A: It creates more risk when the platform concentrates control without preserving separation of duties, tenant boundaries, and client-specific policy. In that case, one misconfigured workflow or overbroad role can affect many environments at once. Centralisation is only safe when governance is designed at the same time as operational efficiency.

Q: What should teams get wrong about automated deprovisioning in SaaS environments?

A: The common mistake is assuming that automation equals complete offboarding. A workflow may remove dashboard access while leaving behind subscriptions, admin privileges, or downstream app entitlements. Teams should verify that deprovisioning actually revokes access in the target systems, not just in the management console.

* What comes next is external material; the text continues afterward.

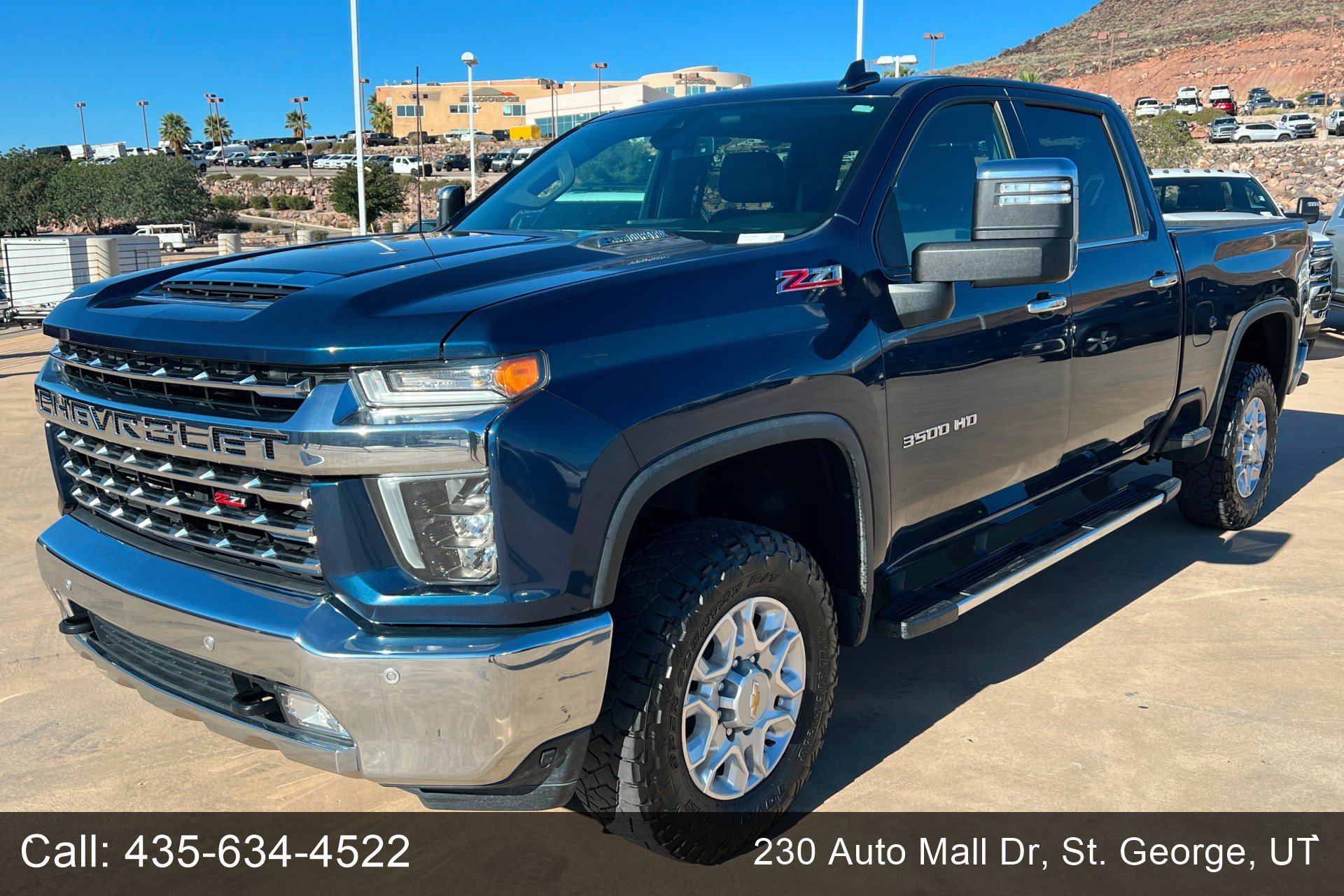 2022 Chevrolet Silverado 3500HD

Q: How do access reviews work in multi-tenant MSP operations?

A: Access reviews should combine usage evidence, business ownership, and tenant context. A user or service account that is inactive in one client environment may still be valid in another, so reviewers need per-tenant data and a clear approval chain. Reviews are effective only when they lead to actual entitlement change.


Technical breakdown

Centralised SaaS administration across client tenants

A multi-tenant SaaS management layer aggregates application inventory, access state, and subscription data into one control plane. In practice, this reduces tool switching and gives MSPs a single place to monitor usage, but it also concentrates governance responsibility. The architectural issue is not just visibility, it is whether the control layer can preserve tenant boundaries, role separation, and client-specific policy differences while still enabling rapid administration across many environments.

Practical implication: verify that tenant isolation and delegated administration are enforced in the same workflow that centralises visibility.

Automated provisioning and deprovisioning in MSP operations

Automation here means routine identity tasks such as account creation, access removal, and policy enforcement can be triggered from predefined workflows instead of manual ticket handling. That improves consistency, but it also makes workflow design part of security design. If provisioning and deprovisioning logic is too broad, MSPs can over-assign permissions or leave access behind when client needs change. The control problem is lifecycle accuracy, not just speed.

Practical implication: test joiner-mover-leaver workflows tenant by tenant and confirm deprovisioning actually removes entitlements, not only disables a dashboard record.

Usage analytics, access reviews, and least privilege

Usage analytics gives MSPs evidence about which applications are active, how often they are used, and where permissions may be excessive. That matters because access review quality depends on understanding whether a privilege is still justified. In SaaS environments, inactivity does not always mean safe removal, but it is a strong signal for review. The architecture therefore supports governance only when analytics feed review decisions and remediation, rather than remaining a reporting layer.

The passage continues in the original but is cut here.